El Diario Vasco, 1966-05-08

 

      Hacer de los molinos, gigantes, es locura quijotesca muy común entre nosotros. Contra esos fingidos enemigos acostumbrados a librar desaforadas batallas, batallas retóricas, se entiende, palabras, insultos y algún lanzazo que otro. Y esto nos tranquiliza y descarga nuestro subconsciente colectivo, convencidos de «que es gran servicio de Dios quitar esa mala simiente de sobre la faz de la tierra».

      Lo natural sería ocuparse de los molinos mismos, es decir de los problemas reales, pero esto es precisamente lo que no suelen hacer nuestros caballeros andantes, a los que no gusta, ciertamente meterse a molineros.

      Y por eso los molinos —los problemas— están siempre ahí, prácticamente los mismos, volteadas sus aspas por idénticos vientos, mientras sus piedras muelen, a duras penas, el grano escaso y ruin de cada día.

      Quiero llamar la atención de mis lectores sobre un fenómeno que, a mi juicio, sigue dándose actualmente en nuestra literatura periodística y al que pudiéramos llamar la evasión de lo real.

      No es que se altere la verdad, sino que se evita el plantear los problemas reales, los que muchos ciudadanos sienten y llevan dentro, los que están planteados de modo vivo y efectivo en la sociedad.

      Hay en todo esto cierta falta de naturalidad, cierto hermetismo, cierta carencia de libertad interna, que es casi una psicosis colectiva y que contrasta con la espontaneidad con que en otros países civilizados suele expresarse la gente al hablar o escribir sobre temas de interés público.

      La crítica exige serenidad, exige libertad y pureza de espíritu.

      Si esto falta, si el crítico tiene su alma retorcida por pasiones y complejos inconfesables, su crítica nunca podrá ser serena ni razonable.
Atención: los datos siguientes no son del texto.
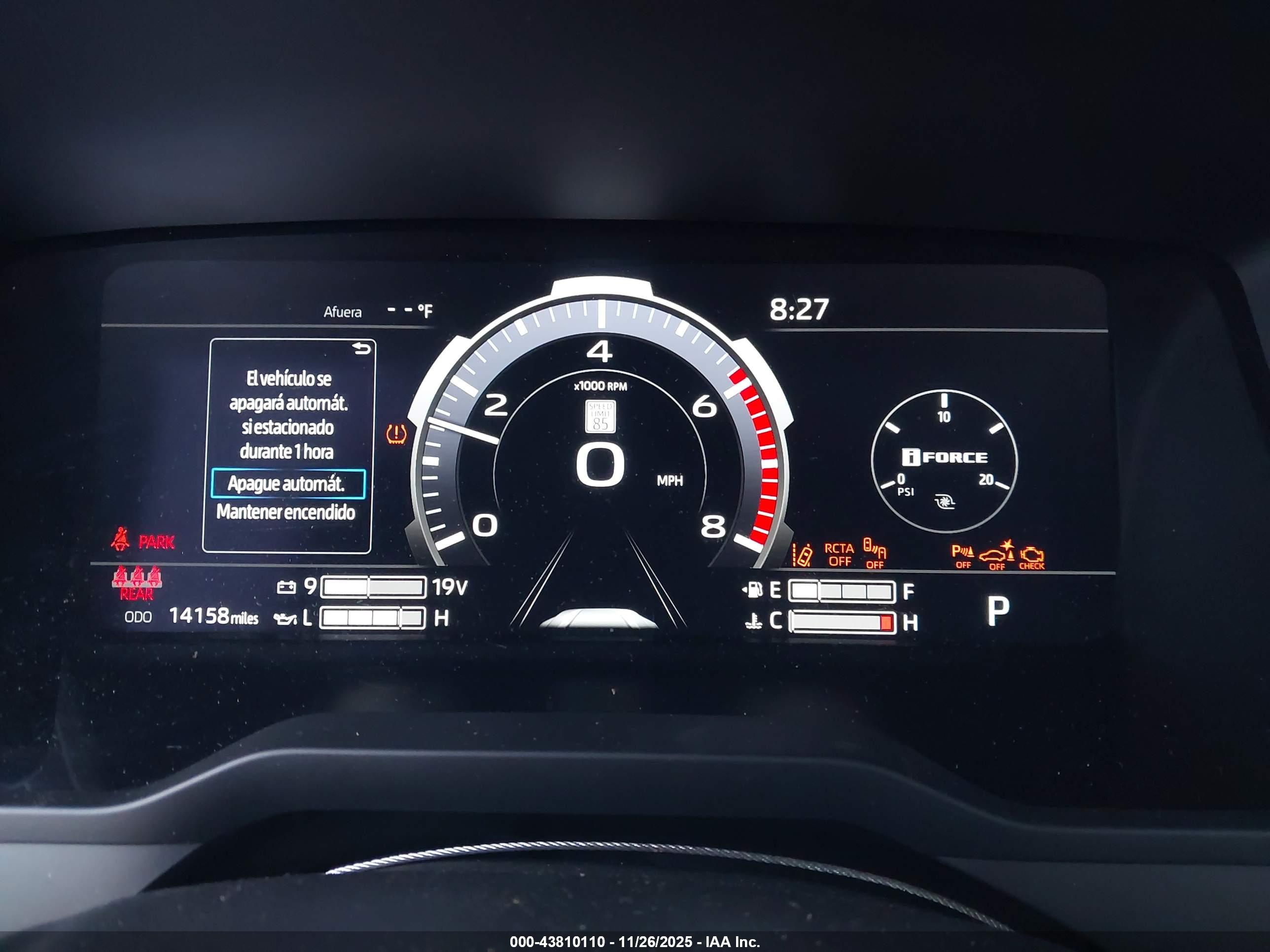 TOYOTA TUNDRA image 7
      Pero, por otra parte, para que pueda surgir una auténtica crítica se necesita también que en la sociedad y en los que, de un modo o de otro, la gobiernan, desaparezcan ciertas tendencias de hipersensibilidad o de susceptibilidad defensiva. Sin esto, la simple expresión de una opinión libre que no concuerde con las creencias sociológicas u oficialmente vigentes en la sociedad, podrá dar lugar a que la autoridad se sienta ofendida y considere atacados los principios mismos en que aquella se asienta.
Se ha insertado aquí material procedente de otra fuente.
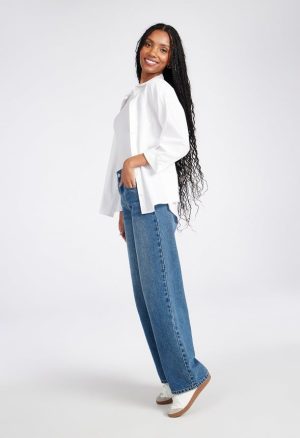 Billie Mid Rise Straight Leg Jean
      Cuanto vengo diciendo atañe de modo igual, tanto al horizonte sociológico como al político o al religioso, ya que en todos estos campos se plantea el problema fundamental del hermetismo.

      Durante muchos años, los que han ejercido las funciones de gobierno han adquirido la costumbre de actuar libremente, casi completamente al margen de la información y de la crítica pública. Al mismo tiempo, la mayoría de los ciudadanos ha ido haciéndose al molde de una subordinación automática y pasiva, de la que la idea misma de crítica estaba enteramente excluida.
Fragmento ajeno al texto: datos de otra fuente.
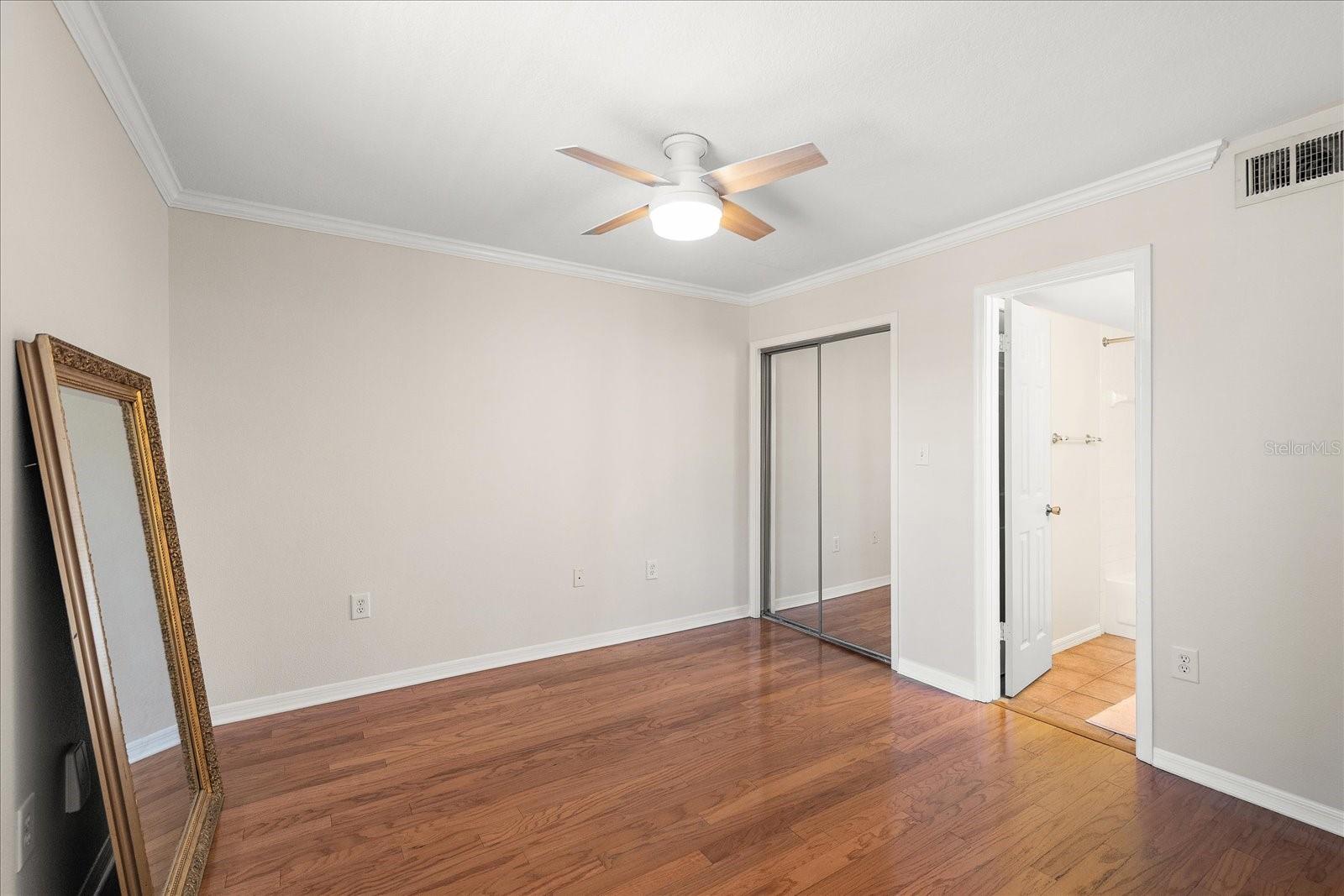 Image 17 of 26 For 1000 Horatio Street 215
      Haría falta que la atmósfera se fuese saneando por ambas partes. Que todos nos fuéramos liberando de nuestros complejos, para que pudiéramos decirnos unos a otros las verdades, sin ofensa, sin agresión, sin escándalo en los de abajo ni indignación en los de arriba.

      Esto es necesario en la vida social, lo es en el terreno político y también —por qué no decirlo, ahora que estamos en época post-conciliar— en el dominio de la Iglesia, que es, por definición aquel en el que el hombre debe sentirse más libre.

      El diálogo auténtico y sereno es un síntoma de buena salud social: los monólogos, más o menos furiosos, de quienes no saben o no pueden dialogar, el síndrome gravísimo de un psiquismo social desordenado.

      En una sociedad equilibrada y sana no hay miedo a plantear problemas. Y esto ayuda a resolverlos.

      «Molinos y no gigantes» —que dijo Sancho.